Incorporate feedback from @jhb.

This revision now requires review to proceed.May 31 2019, 11:25 PM
jtl marked 4 inline comments as done.May 31 2019, 11:27 PM
jtl added inline comments.
sys/x86/x86/mca.c
125

Removed.

561

Done. I also changed other "refill" things to "resize".

563–565

Changed. (Doh! count is now not in alphabetical order. I'll try to remember to fix that before committing.)

569

I mostly did this, but implemented it slightly differently.

jhb added inline comments.
sys/x86/x86/mca.c
591–592

For this I think you can use STAILQ_CONCAT to join the lists as a single O(1) operation.

    mtx_lock_spin(&mca_lock);
    STAILQ_CONCAT(&mca_freelist, &tmplist);
}
629–630

I feel like we can maybe drop this now since you are doing this in the interrupt handler that calls this as well. In particular, this might queue the task even though the interrupt handler is going to free the record after logging it.

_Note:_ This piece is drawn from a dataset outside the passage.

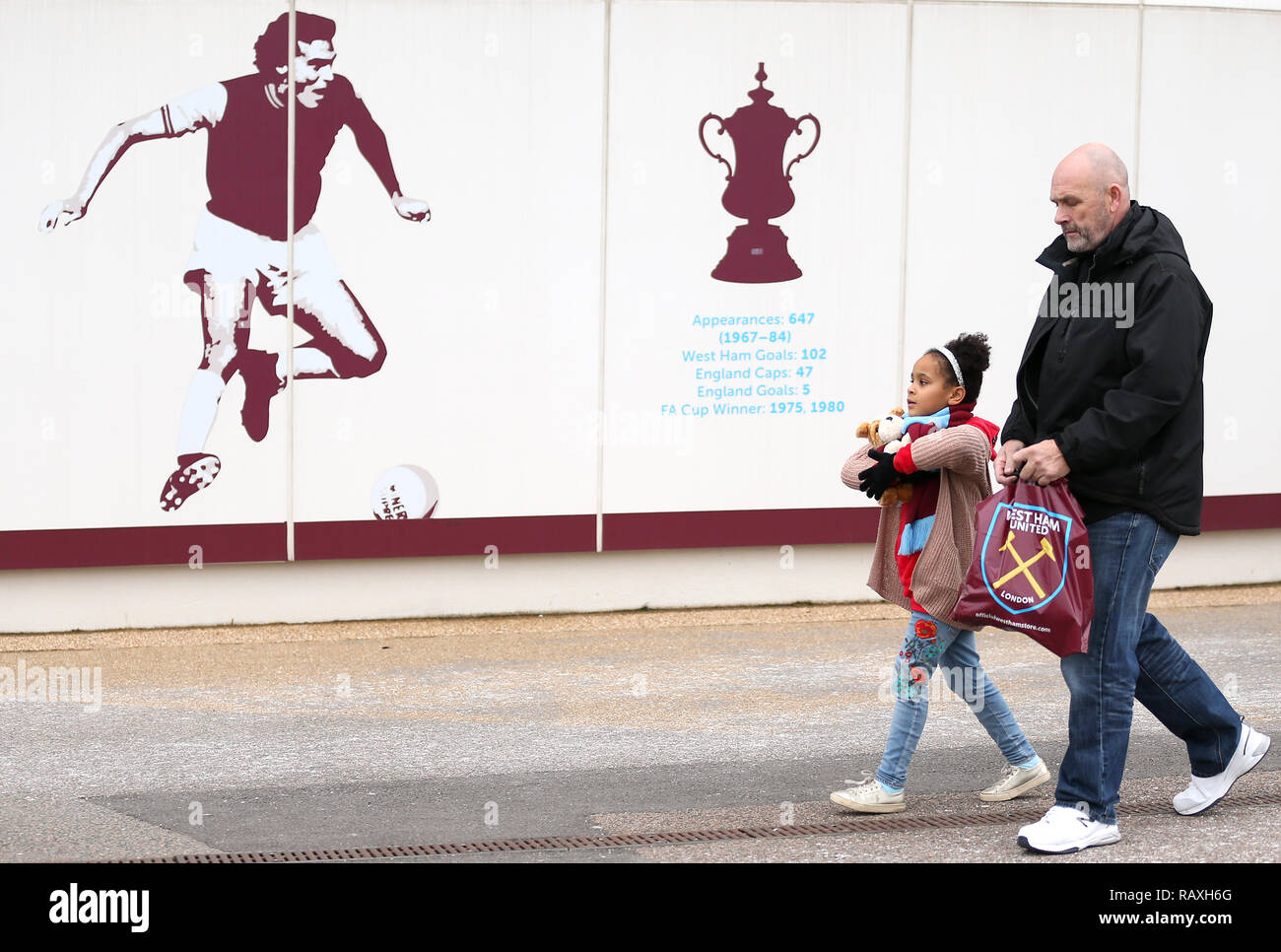 West Ham United fans arriving at the ground before the Emirates FA Cup, third round match at London Stadium. Stock Photo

This revision is now accepted and ready to land.Jun 6 2019, 12:14 AM
jtl marked 4 inline comments as done.Jun 6 2019, 12:43 AM
jtl added inline comments.
sys/x86/x86/mca.c
591–592

Good point! I'll make the change.

629–630

The interrupt handler will only queue the task if it actually does free a record. By default (hw.mca.maxcount == -1), it won't free any records, so it won't queue the task. If a user changes hw.mca.maxcount to a non-negative number, we will probably queue the task more than necessary. AFAICT, the only reliable way around that is to only queue the task in the interrupt handler after logging. However, that may delay refilling the free list longer than may be desirable. Or, is that not an issue and we should just unconditionally queue the task at the end of the interrupt handler?

sys/x86/x86/mca.c
629–630

It probably is fine to just wait for the end of the interrupt handler and do it if the scan found anything. (So just 'if (!cold)' instead of needing the 'doresize' check.) It will be simpler all around I think.

Changes based on review:

  • Switched to using STAILQ_CONCAT to refill the free list.
  • Dropped redundant calls to resize the free list.
  • Centralized the logging logic to reduce code duplication.
This revision now requires review to proceed.Jun 7 2019, 9:49 AM
jtl marked 3 inline comments as done.Jun 7 2019, 10:15 AM

In my local tree, I added functions to generate fake machine check records and exercise the logic now found in mca_process_records(). It appears to work correctly. I *think* this is now ready to land.

This revision is now accepted and ready to land.Jun 7 2019, 6:36 PM
This revision was automatically updated to reflect the committed changes.